A multi-view DTI feature fusion framework for enhanced diagnosis of Alzheimer's disease.

Alzheimer's disease (AD) is an irreversible neurodegenerative disorder. Diffusion tensor imaging (DTI) is widely used to detect brain alterations for diagnosis, but most methods rely on single-scale information. Therefore, this study proposes the multi-view feature learning framework incorporating residual block-based 3D convolutional neural network (3D-CNN) for AD diagnosis. First, tract-based spatial statistics were applied to extract voxel-based features from fractional anisotropy (FA) and mean diffusivity (MD) maps. Second, the residual block-based 3D-CNN model was employed to extract high-level deep features, enhancing model ability to capture global contextual information. Third, fiber tracking was used to construct structural connectivity networks, which served as connectivity-based features.

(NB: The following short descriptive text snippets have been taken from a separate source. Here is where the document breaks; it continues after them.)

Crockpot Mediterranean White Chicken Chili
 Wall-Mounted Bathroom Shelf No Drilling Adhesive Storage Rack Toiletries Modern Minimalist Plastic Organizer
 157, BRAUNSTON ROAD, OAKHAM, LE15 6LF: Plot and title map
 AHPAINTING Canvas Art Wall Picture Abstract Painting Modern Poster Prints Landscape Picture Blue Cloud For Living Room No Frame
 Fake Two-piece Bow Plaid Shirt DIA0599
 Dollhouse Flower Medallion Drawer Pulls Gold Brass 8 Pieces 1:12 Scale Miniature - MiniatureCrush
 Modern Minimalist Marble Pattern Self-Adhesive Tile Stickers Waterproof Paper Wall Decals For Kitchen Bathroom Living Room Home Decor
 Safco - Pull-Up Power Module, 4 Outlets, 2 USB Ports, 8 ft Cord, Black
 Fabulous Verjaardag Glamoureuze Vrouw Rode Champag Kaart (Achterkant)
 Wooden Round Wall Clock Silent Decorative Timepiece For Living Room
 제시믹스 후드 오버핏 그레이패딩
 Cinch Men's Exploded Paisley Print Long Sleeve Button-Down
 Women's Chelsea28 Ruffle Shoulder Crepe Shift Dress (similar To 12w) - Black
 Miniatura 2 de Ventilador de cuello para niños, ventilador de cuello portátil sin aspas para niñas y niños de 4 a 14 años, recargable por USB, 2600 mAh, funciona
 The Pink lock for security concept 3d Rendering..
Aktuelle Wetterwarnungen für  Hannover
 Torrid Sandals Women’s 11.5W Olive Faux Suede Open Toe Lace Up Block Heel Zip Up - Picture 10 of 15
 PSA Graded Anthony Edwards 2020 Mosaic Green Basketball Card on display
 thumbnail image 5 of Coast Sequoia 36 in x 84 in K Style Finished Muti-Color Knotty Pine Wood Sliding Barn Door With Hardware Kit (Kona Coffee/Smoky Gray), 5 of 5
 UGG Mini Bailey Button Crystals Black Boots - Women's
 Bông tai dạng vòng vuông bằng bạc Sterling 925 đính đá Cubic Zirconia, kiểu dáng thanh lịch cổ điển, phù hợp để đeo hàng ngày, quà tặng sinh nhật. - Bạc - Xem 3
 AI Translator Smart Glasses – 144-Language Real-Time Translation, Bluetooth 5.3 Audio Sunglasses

Fourth, radiomics was applied to extract texture and shape features from FA and MD images. These four types of features were linearly combined and subsequently reduced in dimensionality using the ReliefF algorithm. Finally, an ensemble learning strategy was employed to perform three binary classification tasks among the AD, mild cognitive impairment (MCI), and normal control (NC) groups. Additionally, layer-wise relevance propagation (LRP) was utilized to improve the interpretability of the 3D-CNN model. Evaluated on 427 subjects from the Alzheimer's Disease Neuroimaging Initiative database, the framework integrates complementary multi-scale information, achieving superior performance. For the AD vs. NC classification, it attained an accuracy of 97.6%, a sensitivity of 98.0%, and an area under the curve of 0.964, outperforming several state-of-the-art methods. These results demonstrate that our approach enhances diagnostic accuracy and contributes to understanding disease mechanisms by identifying multi-scale biomarkers associated with known AD pathology.